ModelWrapper
Primary API for zero-copy model sharing with nn.Module models.
Overview
ModelWrapper provides a unified API for wrapping models that supports both task and actor execution modes:
from_model()- Create wrapper from model/pipelinefor_tasks()- Convenience method for task modeload()- Load model in actorSupports both task and actor execution modes
ModelWrapper Class
- class ray_zerocopy.model_wrappers.ModelWrapper(skeleton, model_info, is_standalone_module=False, mode='actor')[source]
Bases:
WrapperMixin[T],Generic[T]A unified serializable wrapper with zero-copy loading for nn.Module and Pipeline objects.

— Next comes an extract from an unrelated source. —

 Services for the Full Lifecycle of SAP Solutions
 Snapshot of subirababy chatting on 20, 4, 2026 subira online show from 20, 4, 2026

Supports both task-based and actor-based execution modes: - Task mode: Models are executed via Ray tasks with zero-copy loading - Actor mode: Models are prepared for loading in Ray actors with zero-copy
- skeleton
The skeleton of the model or pipeline
- model_refs
A dict of Ray object references to the model tensors
- is_standalone_module
Whether the model or pipeline is a standalone module
- mode
Execution mode - “task” or “actor”
- model_info
Model info dict with method tracking (task mode) or just refs (actor mode)
Examples
Task Mode (using for_tasks shortcut):
>>> from ray_zerocopy import ModelWrapper >>> model = YourModel() >>> rewritten = ModelWrapper.for_tasks(model) >>> result = rewritten(data) # Callable pipeline >>>
Task Mode (using from_model + load):
>>> wrapper = ModelWrapper.from_model(model, mode="task") >>> rewritten = wrapper.load() # Get callable pipeline >>> result = rewritten(data)
Actor Mode:
>>> wrapper = ModelWrapper.from_model(model, mode="actor") >>> >>> class InferenceActor: ... def __init__(self, model_wrapper): ... self.model = model_wrapper.load() # Inside an actor's __init__ ... def __call__(self, batch): ... return self.model(batch["data"]) >>> >>> ds.map_batches( ... InferenceActor, ... fn_constructor_kwargs={"model_wrapper": wrapper}, ... compute=ActorPoolStrategy(size=4) ... )
- __init__(skeleton, model_info, is_standalone_module=False, mode='actor')[source]
Initialize ModelWrapper.
- Parameters:
skeleton (T) – The skeleton of the model or pipeline
model_info (dict[str, tuple[ObjectRef, Set[str] | None]] | dict[str, ObjectRef]) – Model info dict. In task mode: dict[str, tuple[ray.ObjectRef, Optional[Set[str]]]] (with method tracking). In actor mode: dict[str, ray.ObjectRef] (just refs).
is_standalone_module (bool) – Whether this is a standalone module
mode (Literal['task', 'actor']) – Execution mode (“task” or “actor”)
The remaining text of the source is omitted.